Township and Highland project representatives have been discussing the proposed project for about four years but after voters removed the entire town board in a recall election and the new board moved to rescind the previous wind farm agreements, claiming that previous meetings related to the Highland Wind Project were improperly noticed and failed to meet state laws guidelines for open meetings, Emerging Energies LLC filed a $25 million claim against the town for backing out of agreements and permits.

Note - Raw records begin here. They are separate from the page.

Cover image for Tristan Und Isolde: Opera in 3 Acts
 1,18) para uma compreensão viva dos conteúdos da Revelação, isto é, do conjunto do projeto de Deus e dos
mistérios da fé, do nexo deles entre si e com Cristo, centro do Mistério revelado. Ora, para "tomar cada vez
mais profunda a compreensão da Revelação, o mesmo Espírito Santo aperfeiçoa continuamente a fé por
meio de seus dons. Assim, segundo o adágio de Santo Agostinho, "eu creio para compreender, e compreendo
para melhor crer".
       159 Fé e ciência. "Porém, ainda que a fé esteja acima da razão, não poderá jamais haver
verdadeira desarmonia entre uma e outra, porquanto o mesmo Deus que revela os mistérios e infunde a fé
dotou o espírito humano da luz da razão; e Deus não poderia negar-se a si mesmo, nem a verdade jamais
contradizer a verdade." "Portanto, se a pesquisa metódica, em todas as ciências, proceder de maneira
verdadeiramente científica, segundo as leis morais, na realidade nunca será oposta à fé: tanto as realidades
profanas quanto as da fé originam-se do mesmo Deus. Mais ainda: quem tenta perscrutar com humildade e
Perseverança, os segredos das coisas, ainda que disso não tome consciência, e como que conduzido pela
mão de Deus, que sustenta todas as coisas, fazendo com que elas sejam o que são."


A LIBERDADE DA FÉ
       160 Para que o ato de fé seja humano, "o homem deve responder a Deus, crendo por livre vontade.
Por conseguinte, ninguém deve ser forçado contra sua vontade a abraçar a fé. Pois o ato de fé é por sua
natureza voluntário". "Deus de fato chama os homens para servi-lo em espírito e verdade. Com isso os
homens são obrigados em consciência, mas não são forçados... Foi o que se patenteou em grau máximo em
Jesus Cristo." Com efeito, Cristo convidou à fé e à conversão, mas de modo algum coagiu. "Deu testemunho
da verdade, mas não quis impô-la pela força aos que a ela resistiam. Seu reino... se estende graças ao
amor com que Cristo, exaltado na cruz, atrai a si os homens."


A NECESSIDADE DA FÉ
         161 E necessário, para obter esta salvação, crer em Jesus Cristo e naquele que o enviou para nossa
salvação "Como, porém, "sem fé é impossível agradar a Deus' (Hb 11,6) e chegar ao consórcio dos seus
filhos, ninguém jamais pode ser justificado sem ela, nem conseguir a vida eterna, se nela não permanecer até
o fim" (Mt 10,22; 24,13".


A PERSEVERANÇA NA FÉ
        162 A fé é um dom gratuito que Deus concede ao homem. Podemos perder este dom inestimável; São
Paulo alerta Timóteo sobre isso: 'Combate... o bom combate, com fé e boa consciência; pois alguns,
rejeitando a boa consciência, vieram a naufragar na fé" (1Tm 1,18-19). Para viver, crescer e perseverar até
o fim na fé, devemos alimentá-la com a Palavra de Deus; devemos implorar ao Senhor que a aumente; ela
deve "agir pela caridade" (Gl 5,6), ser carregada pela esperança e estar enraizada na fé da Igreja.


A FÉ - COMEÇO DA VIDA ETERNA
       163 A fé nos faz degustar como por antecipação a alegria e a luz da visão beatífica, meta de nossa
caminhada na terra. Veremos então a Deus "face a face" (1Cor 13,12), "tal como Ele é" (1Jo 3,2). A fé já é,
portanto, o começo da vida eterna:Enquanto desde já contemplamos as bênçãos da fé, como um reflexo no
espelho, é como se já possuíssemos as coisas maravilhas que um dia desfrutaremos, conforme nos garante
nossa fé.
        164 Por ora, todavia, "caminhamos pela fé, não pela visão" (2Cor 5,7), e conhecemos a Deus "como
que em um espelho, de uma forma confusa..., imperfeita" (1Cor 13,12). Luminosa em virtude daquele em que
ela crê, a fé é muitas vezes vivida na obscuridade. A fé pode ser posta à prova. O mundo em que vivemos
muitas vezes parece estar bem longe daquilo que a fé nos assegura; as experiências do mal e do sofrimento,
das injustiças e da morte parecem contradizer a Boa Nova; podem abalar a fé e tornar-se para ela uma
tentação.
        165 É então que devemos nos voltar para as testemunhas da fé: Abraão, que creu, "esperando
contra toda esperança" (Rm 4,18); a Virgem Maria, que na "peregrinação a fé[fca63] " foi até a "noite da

Emerging Energies subsequently revisited its plan and upsized the proposal, prompting oversight for the project to move from local governance to the Wisconsin Public Service Commission.

Last week, Emerging Energies received correspondence from the PSC that its application needs further details before the commission will take it under consideration. The PSC asked for clarification or additional information on 60 different items.

Mundinger told the New Richmond News the company is working to answer the questions and file the completed 1,800-page application within the next month.

"We are on track and I believe we'll have a resubmittal," he said.

Jamie Junker, current Forest town chairman, told the News if Emerging Energies would follow the town's recently adopted rules, there would be no reason for local residents to object to the plans. He did admit, however, that following the township rules would require a significant change in the Highland Wind Project's plans.

Junker said he wouldn't comment at length about the project, but referred to the town board's continuing efforts to protect the community from development that would change the face of Forest forever.

"It's a big issue," he said. "Clearly most of the residents of the town aren't happy with the project."

Junker said the wind licensing ordinance that the board adopted would provide the protection and safeguards that most people want, like regulations on turbine setbacks, noise levels and "shadow flicker."

The PSC will invite public comment on the project once it deems the application complete.

The application has been posted to the PSC's website: psc.wi.gov. The HWF docket number: 2535-CE-100.

The Highland group also launched a new web site -- www.highlandwindpower.com-- which carries more information about the project.